Perhaps you mean "irregular quadrilateral"...
-- BB
tone.skoda at siol.net wrote:
> Here's another problem: I need to find out if point lies inside
> an irregular rectangle. Irregular rectangle has
> 4 corners but they don't need to be 90 degree, although they can still
> be.
>
> Example of irregular rectangle:
2. RE: finding if point is inside irregular rectangle
- Posted by bensler at mail.com
Feb 25, 2002
He means a rectangle that is not exactly horizontal and vertical. It's
still a rectangle, but on an angle, like a diamond with 90 degree
corners.
Chris
Brian Broker wrote:
> Hate to be a stickler here but "irregular rectangle" sounds like an
> oxymoron. A rectangle is a four-sided polygon having all right angles.
>
> Perhaps you mean "irregular quadrilateral"...
>
> -- BB
>
>
> tone.skoda at siol.net wrote:
> > Here's another problem: I need to find out if point lies inside
> > an irregular rectangle. Irregular rectangle has
> > 4 corners but they don't need to be 90 degree, although they can still
> > be.
> >
> > Example of irregular rectangle:
>
>
3. RE: finding if point is inside irregular rectangle
"far from trivial" maybe an understatement unless you are up on all of
your geometry.
Have a look here:
http://www.acm.org/tog/resources/RTNews/html/rtnv5n3.html#art3
There is some discussion and sample code in C
gwalters at sc.rr.com wrote:
> then it's a polygon...and it's far from trivial to find if a point is
> inside.
>
> george
> ----- Original Message -----
> From: <tone.skoda at siol.net>
> To: "EUforum" <EUforum at topica.com>
> Sent: Monday, February 25, 2002 4:05 PM
> Subject: Re: finding if point is inside irregular rectangle
>
>
> > No I don't mean that. It can have angles which are not 90 degree.
> >
> > ----- Original Message -----
> > From: <bensler at mail.com>
> > To: "EUforum" <EUforum at topica.com>
> > Sent: Monday, February 25, 2002 9:57 PM
> > Subject: RE: finding if point is inside irregular rectangle
> >
> >
> > > He means a rectangle that is not exactly horizontal and vertical. It's
> > > still a rectangle, but on an angle, like a diamond with 90 degree
> > > corners.
> > >
> > > Chris
> > >
> > > Brian Broker wrote:
> > > > Hate to be a stickler here but "irregular rectangle" sounds like an
> > > > oxymoron.

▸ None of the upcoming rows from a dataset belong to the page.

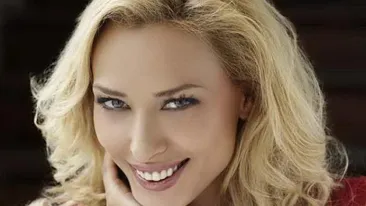 Iulia Vantur, cariera secreta de mamica! Vezi imaginile care demonstreaza ca e facuta pentru asta!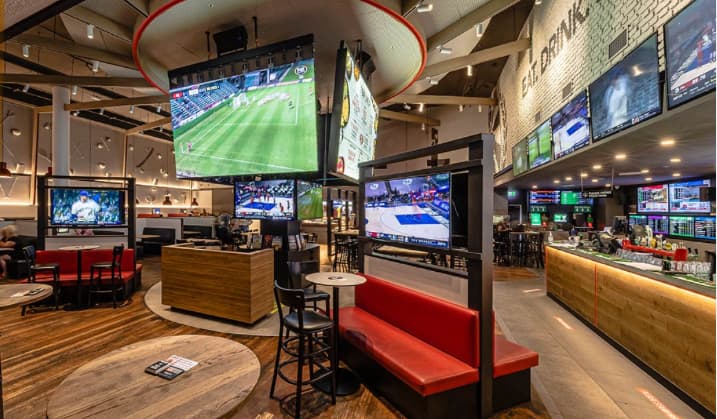 The Sporting Globe Bar & Grill Chermside — Chermside, Brisbane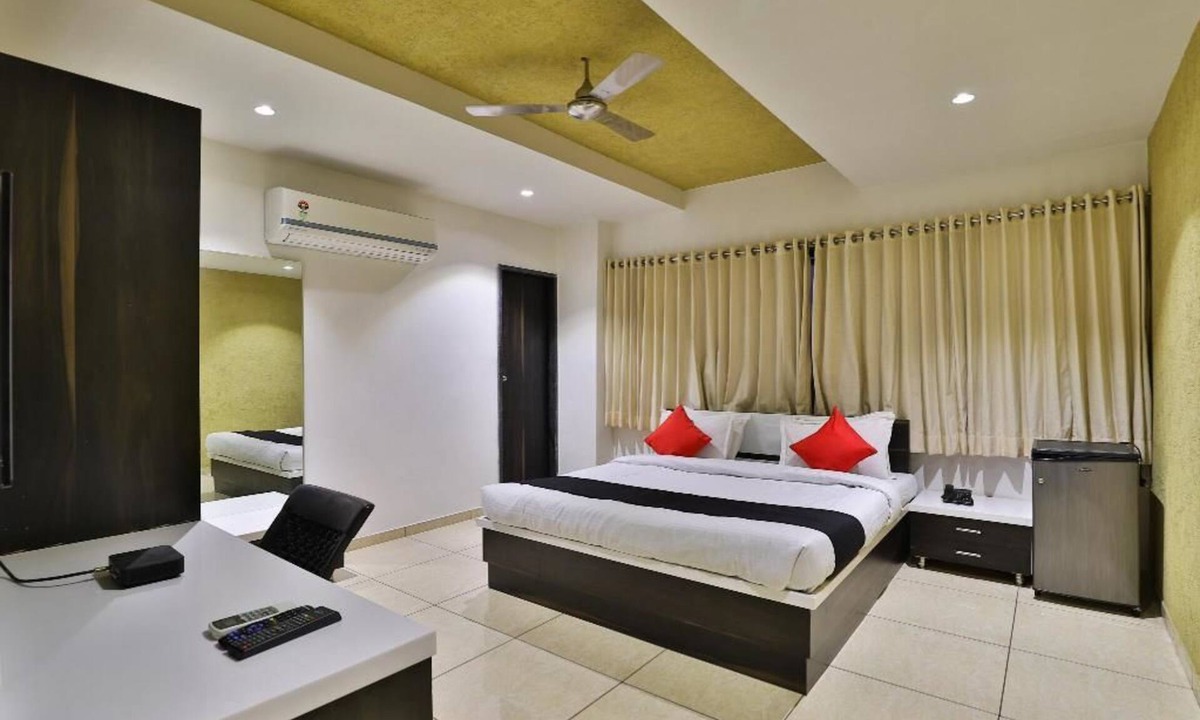 Nadiad Hotel | Dev Motel & Banquet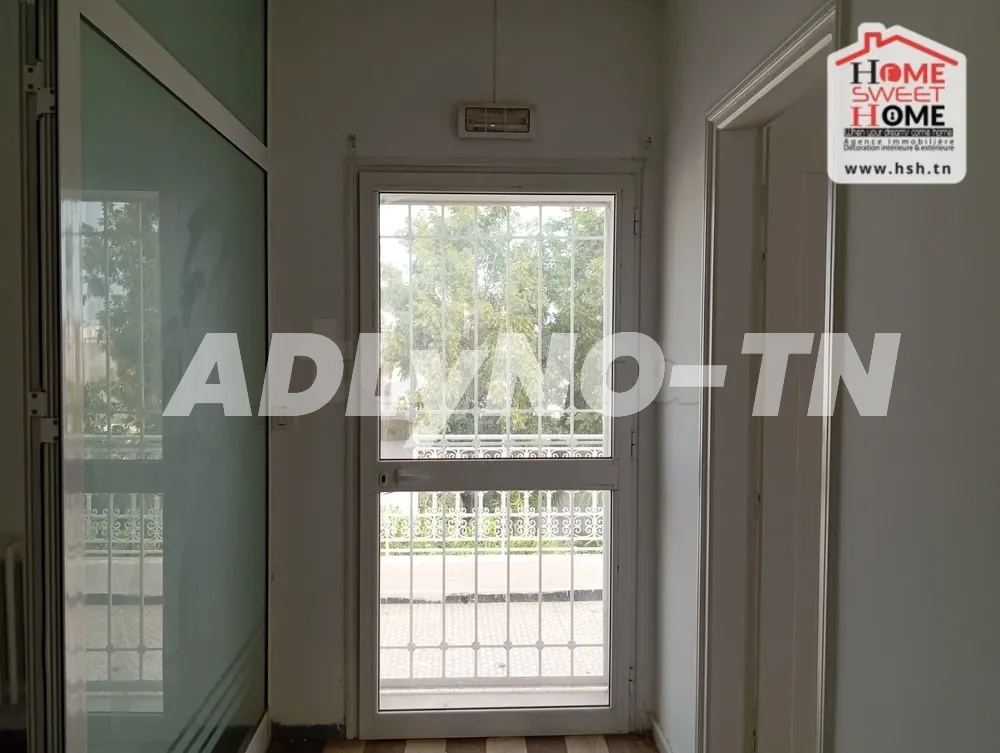 Immeuble Commercial Atlantique à Vendre à Mutuelle Ville à Tunis - Photo 2
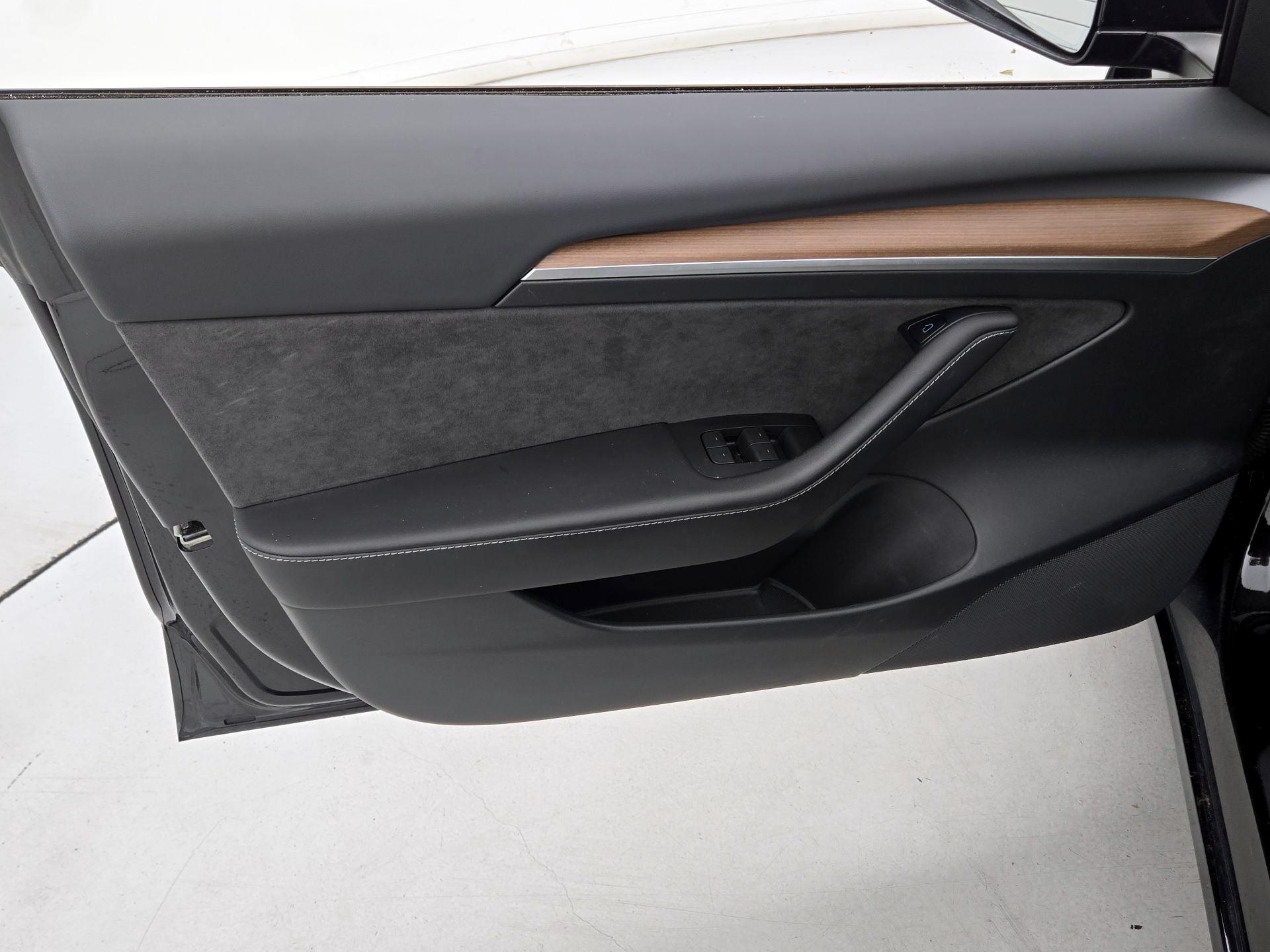 Thumbnail: 2023 Tesla Model 3 - 12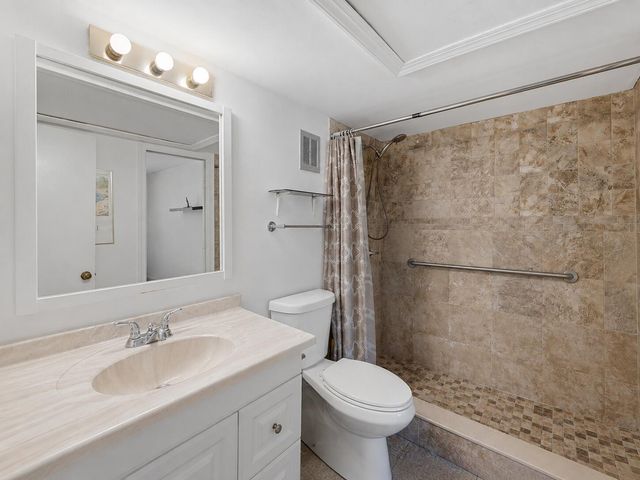 67 NE 20th Court 6h, Wilton Manors, FL 33305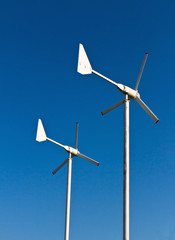 Wind energy turbine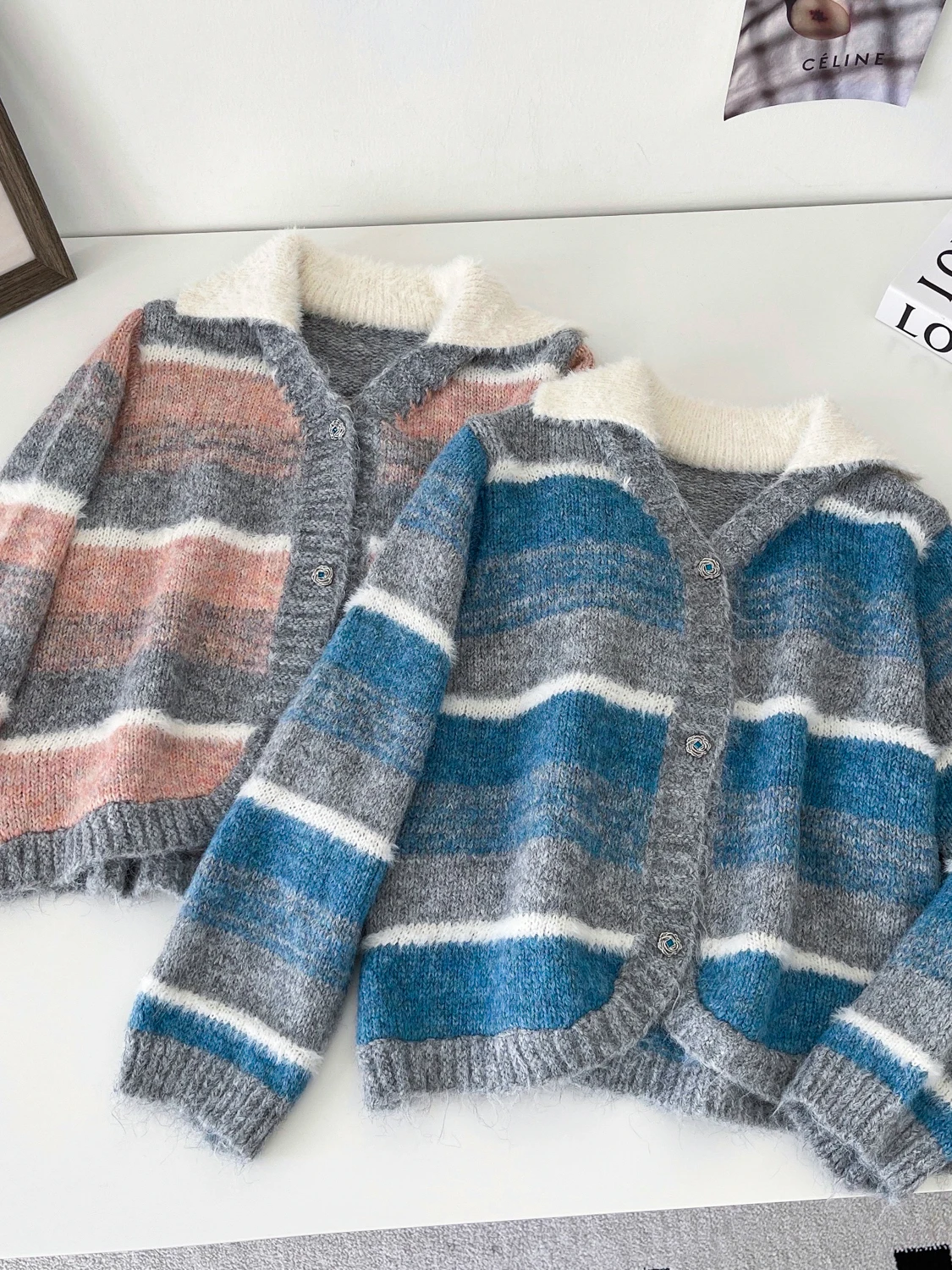 Retro Knitted Sweater Jaet Women Loose Casual Outerwear V-Ne Long Sve Striped Open Cardigan Autumn Commute Sle Warmth
Retro Knitted Sweater Jaet Women Loose Casual Outerwear V-Ne Long Sve Striped Open Cardigan Autumn Commute Sle Warmth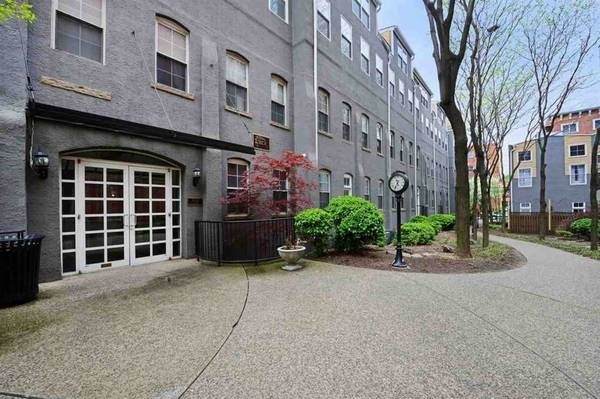 1034 Clinton St - Photo 1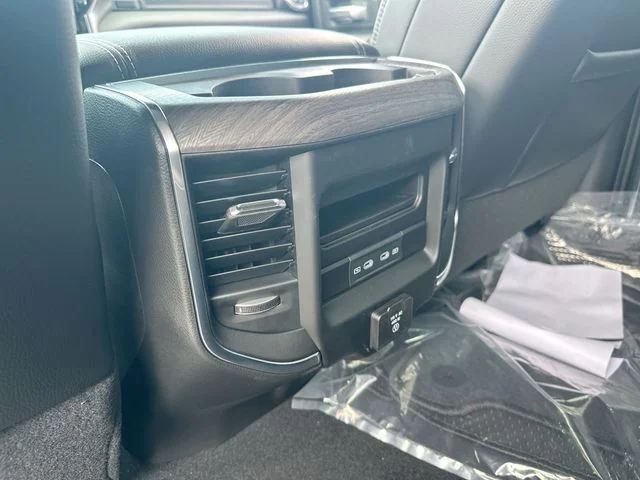 New 2026 Ceramic Gray Clear-Coat Exterior Paint RAM Laramie image 24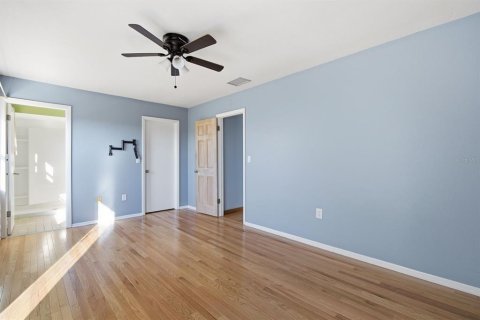 Villa ou maison à vendre à Palm Harbor, Floride: 2 chambres, 111.11 m2 № 2421620 - photo 6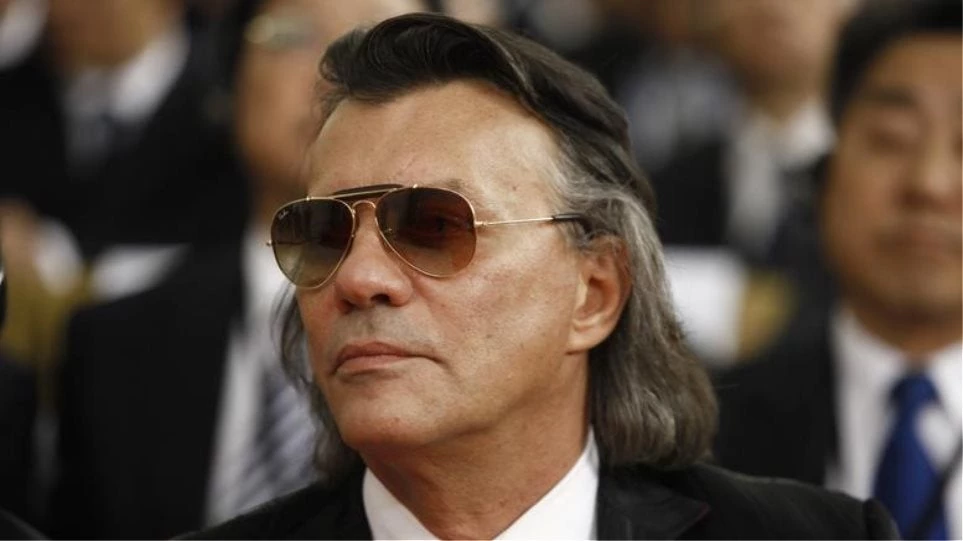 Ηλίας Ψινάκης: Εμφανίστηκε στο instagram, σβήνοντας φωτιές!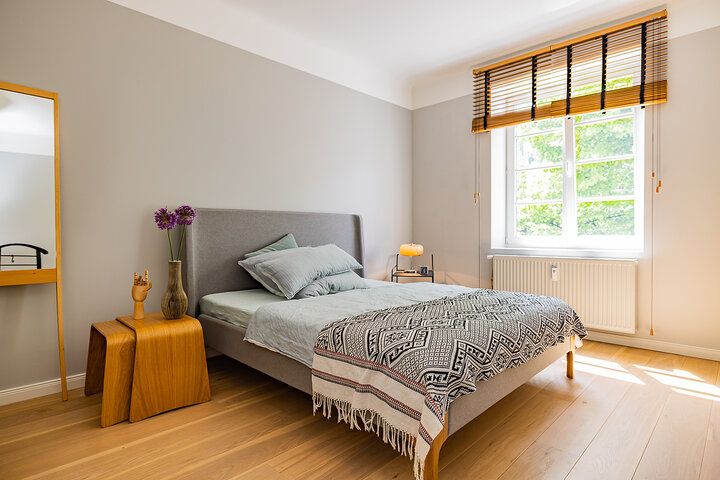 Perfekt gestyltes Schlafzimmer - Möbliert vermieten in Hamburg bei City-Wohnen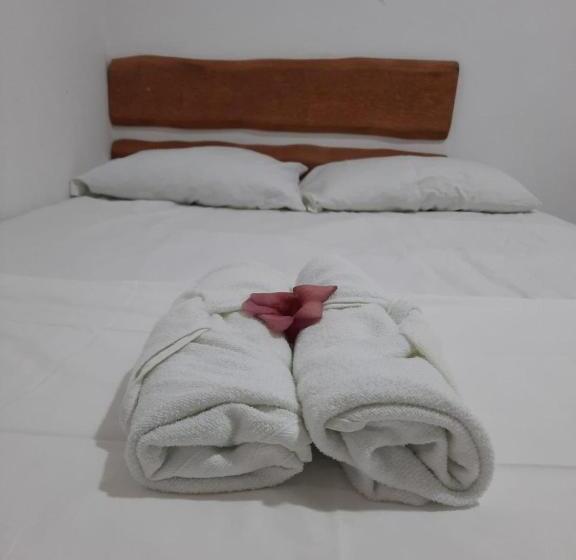 호스텔 Pousada Villa Mariah Chalé E Suítes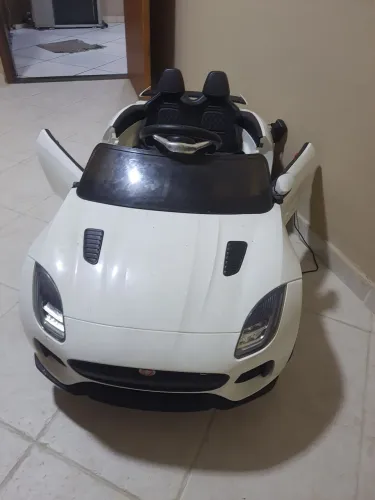 Vendo carro infantil  Jaguar da Bandeirantes 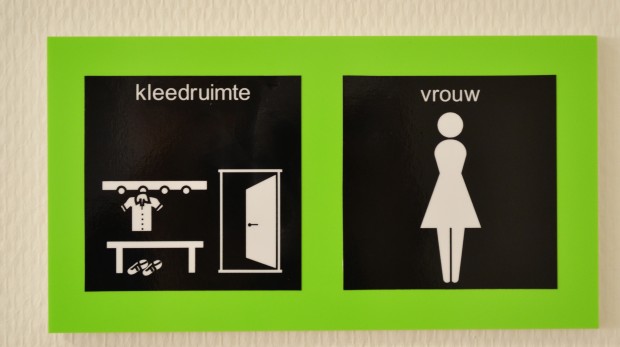 kleedruimtebordje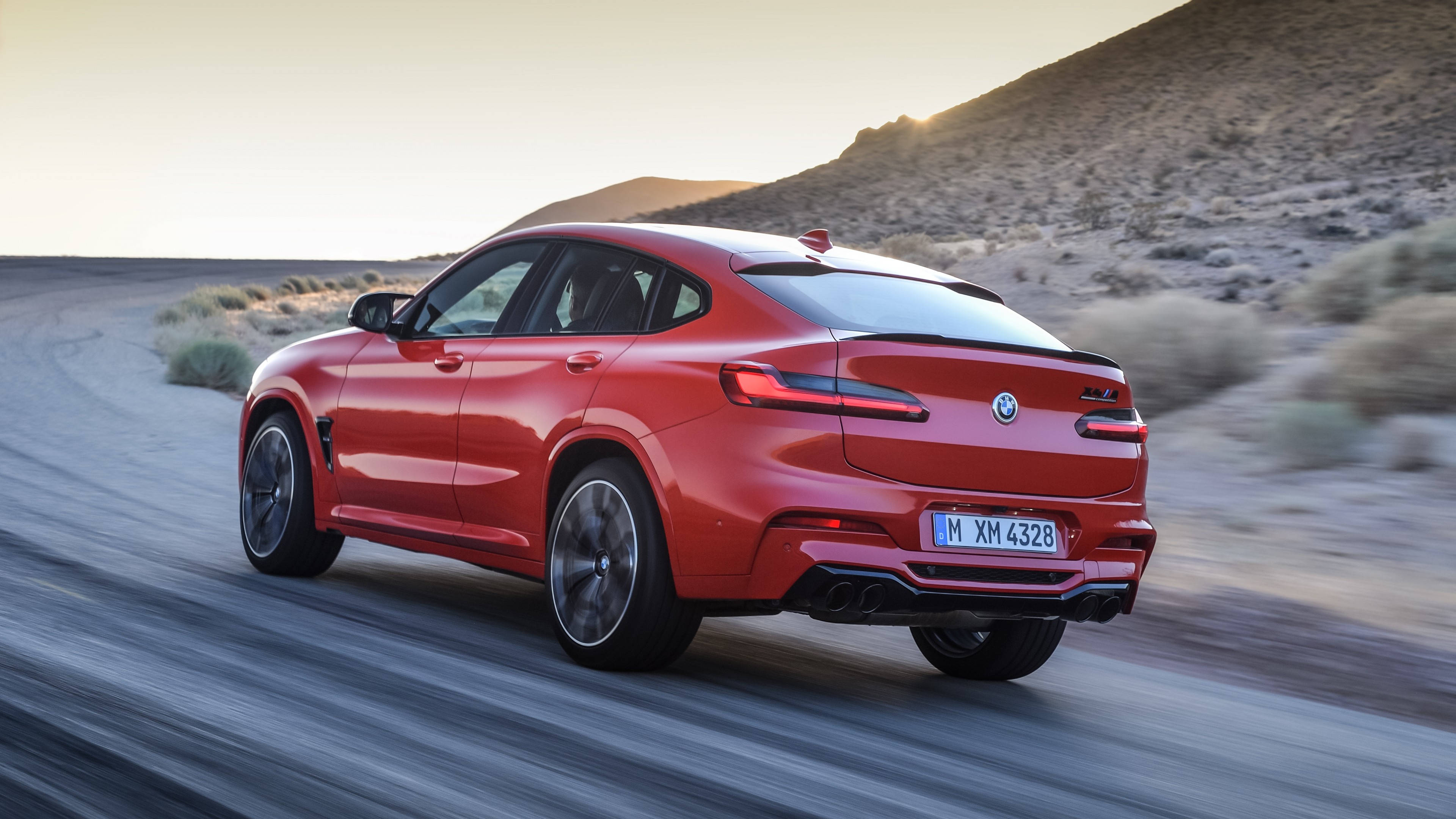 BMW X4, Geneva Motor Show, Sleek SUV, Ultimate performance, 3840x2160 4K Desktop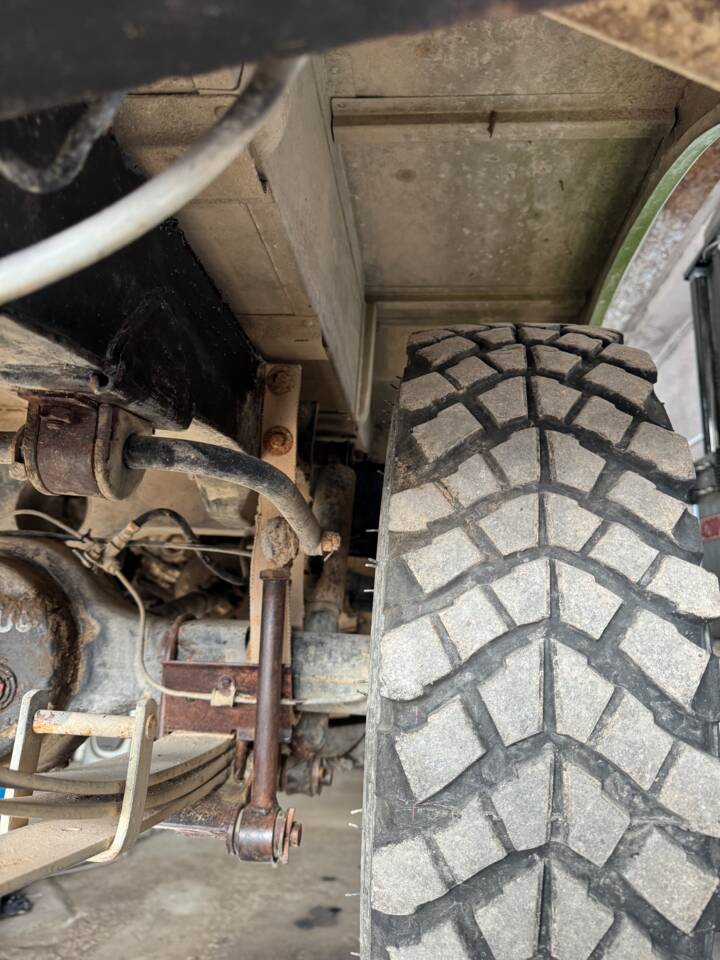 Image 22/36 of Land Rover 88 Lightweight (1985)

A rectangle is a four-sided polygon having all right
> angles.
> > > >
> > > > Perhaps you mean "irregular quadrilateral"...
> > > >
> > > > -- BB
> > > >
> > > >
> > > > tone.skoda at siol.net wrote:
> > > > > Here's another problem: I need to find out if point lies inside
> > > > > an irregular rectangle. Irregular rectangle has
> > > > > 4 corners but they don't need to be 90 degree, although they can
> still
> > > > > be.
> > > > >
> > > > > Example of irregular rectangle:
> > > >
> > > >
4. RE: finding if point is inside irregular rectangle
- Posted by bensler at mail.com
Feb 25, 2002
It's hard to wrap the brain around, but it really isn't that difficult.
Here's a bit of theory..
I haven't done it in a while, but I had to do edge finding in order to
do hidden surface removal in a 3D engine project I was working on a long
while ago.
This only works for convex polygons, not concave polygons (THAT is NOT
trivial at ALL). An 'O' or is a convex shape, a 'C' is a concave shape,
although, they aren't polygons..
Like I said, it's been a while, so I don't doubt I'm a bit off on some
of this theory, but it should be fairly close.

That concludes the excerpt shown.